Beginning with the first line below, please restate each line exactly, down to and including the line containing "Comfortabele Heren Pantoffels".

╭─ Input material

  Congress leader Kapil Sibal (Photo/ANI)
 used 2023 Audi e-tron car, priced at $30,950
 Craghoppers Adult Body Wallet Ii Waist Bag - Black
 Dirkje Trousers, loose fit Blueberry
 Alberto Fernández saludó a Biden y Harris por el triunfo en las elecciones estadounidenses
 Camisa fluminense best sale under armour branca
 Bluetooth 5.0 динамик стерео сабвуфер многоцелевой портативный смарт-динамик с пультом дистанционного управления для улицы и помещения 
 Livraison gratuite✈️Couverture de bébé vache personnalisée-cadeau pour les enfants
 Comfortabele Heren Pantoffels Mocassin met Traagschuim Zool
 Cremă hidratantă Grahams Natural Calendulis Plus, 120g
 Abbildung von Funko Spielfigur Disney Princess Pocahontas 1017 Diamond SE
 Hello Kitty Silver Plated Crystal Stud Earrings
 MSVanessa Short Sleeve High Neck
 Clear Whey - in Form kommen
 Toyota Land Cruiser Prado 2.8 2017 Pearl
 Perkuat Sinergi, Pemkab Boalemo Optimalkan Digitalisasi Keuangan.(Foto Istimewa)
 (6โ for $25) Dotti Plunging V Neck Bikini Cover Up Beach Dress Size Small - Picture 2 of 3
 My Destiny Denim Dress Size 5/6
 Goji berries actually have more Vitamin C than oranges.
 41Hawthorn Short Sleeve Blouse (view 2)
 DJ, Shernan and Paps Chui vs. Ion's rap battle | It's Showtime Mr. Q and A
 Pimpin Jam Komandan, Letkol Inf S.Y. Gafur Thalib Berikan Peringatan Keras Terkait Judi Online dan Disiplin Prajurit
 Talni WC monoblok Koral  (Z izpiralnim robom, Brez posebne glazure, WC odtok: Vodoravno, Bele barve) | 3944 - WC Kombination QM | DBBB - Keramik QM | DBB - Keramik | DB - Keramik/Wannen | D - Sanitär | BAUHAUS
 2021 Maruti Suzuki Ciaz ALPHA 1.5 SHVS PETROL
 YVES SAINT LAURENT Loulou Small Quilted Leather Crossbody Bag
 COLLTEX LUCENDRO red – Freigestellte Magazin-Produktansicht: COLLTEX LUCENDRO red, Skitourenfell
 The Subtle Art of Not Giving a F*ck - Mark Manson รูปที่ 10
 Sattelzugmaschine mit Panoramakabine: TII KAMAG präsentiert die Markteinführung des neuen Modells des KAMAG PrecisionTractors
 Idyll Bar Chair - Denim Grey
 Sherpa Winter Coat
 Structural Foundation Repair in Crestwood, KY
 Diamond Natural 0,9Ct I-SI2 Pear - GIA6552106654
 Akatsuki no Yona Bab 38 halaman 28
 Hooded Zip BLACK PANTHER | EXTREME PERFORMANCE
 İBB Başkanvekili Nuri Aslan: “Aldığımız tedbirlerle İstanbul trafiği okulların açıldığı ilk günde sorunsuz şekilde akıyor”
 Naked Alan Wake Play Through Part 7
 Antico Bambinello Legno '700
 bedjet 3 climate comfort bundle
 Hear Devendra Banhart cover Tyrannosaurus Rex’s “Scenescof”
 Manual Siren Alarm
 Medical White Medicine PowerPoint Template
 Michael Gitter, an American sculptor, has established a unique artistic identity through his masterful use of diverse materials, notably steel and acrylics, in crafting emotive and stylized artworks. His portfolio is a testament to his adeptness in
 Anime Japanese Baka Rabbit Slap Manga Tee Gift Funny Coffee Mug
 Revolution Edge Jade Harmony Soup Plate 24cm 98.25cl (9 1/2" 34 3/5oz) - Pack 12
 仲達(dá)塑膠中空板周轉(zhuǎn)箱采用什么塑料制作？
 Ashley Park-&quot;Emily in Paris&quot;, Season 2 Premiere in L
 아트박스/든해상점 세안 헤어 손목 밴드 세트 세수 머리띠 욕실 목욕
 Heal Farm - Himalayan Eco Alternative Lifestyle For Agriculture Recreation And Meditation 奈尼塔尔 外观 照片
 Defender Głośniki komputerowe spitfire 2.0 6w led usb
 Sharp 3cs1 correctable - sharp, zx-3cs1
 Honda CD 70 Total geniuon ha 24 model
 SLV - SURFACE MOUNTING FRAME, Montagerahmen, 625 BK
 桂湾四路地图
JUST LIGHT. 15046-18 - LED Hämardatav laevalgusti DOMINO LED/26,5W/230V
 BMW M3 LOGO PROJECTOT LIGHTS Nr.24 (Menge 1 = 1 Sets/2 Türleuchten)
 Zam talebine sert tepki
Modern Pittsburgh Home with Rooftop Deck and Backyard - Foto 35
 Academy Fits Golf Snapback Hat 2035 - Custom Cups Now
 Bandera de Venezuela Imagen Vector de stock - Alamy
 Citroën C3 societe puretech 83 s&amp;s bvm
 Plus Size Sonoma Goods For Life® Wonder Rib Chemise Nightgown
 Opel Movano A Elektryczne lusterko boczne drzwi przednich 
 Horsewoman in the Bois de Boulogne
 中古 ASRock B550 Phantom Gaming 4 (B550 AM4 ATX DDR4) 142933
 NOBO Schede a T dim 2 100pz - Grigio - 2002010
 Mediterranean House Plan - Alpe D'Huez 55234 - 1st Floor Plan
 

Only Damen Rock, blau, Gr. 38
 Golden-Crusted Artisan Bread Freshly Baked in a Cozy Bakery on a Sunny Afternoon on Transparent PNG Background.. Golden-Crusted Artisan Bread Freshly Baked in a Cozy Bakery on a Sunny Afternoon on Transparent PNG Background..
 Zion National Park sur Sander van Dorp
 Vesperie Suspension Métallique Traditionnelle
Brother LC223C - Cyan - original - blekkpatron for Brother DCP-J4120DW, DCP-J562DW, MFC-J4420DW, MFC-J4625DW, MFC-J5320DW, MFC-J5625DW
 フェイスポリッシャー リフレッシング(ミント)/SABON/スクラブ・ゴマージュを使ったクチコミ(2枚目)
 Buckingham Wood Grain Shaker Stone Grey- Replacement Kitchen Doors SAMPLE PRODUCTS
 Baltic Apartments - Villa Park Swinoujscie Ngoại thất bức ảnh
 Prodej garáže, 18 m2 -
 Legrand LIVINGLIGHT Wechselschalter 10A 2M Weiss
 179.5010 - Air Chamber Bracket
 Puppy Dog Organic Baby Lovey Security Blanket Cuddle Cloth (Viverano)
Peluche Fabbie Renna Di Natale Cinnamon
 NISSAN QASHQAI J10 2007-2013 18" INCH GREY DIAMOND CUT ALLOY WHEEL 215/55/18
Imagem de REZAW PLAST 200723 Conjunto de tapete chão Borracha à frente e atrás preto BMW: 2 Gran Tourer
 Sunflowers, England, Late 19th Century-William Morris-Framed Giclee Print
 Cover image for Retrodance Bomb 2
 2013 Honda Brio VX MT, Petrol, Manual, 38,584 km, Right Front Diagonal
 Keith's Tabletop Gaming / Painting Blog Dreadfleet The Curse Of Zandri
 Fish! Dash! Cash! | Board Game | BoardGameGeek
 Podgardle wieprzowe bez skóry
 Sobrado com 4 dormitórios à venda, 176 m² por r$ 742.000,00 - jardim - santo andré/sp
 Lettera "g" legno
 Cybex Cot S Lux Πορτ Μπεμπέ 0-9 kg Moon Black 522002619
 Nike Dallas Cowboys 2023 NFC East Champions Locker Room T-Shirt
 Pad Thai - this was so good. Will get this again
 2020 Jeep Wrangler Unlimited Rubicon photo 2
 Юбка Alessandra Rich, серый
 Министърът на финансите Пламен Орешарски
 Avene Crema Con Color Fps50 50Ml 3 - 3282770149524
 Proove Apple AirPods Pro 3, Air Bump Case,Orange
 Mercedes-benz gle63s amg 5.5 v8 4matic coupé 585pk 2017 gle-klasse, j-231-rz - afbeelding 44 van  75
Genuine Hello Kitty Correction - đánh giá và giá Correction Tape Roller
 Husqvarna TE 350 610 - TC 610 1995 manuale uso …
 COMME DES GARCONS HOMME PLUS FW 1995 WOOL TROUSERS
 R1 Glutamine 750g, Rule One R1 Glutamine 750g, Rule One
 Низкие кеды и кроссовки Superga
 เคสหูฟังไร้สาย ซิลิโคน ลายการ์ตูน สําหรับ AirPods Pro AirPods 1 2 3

╰─

## Final answer
  Congress leader Kapil Sibal (Photo/ANI)
 used 2023 Audi e-tron car, priced at $30,950
 Craghoppers Adult Body Wallet Ii Waist Bag - Black
 Dirkje Trousers, loose fit Blueberry
 Alberto Fernández saludó a Biden y Harris por el triunfo en las elecciones estadounidenses
 Camisa fluminense best sale under armour branca
 Bluetooth 5.0 динамик стерео сабвуфер многоцелевой портативный смарт-динамик с пультом дистанционного управления для улицы и помещения 
 Livraison gratuite✈️Couverture de bébé vache personnalisée-cadeau pour les enfants
 Comfortabele Heren Pantoffels Mocassin met Traagschuim Zool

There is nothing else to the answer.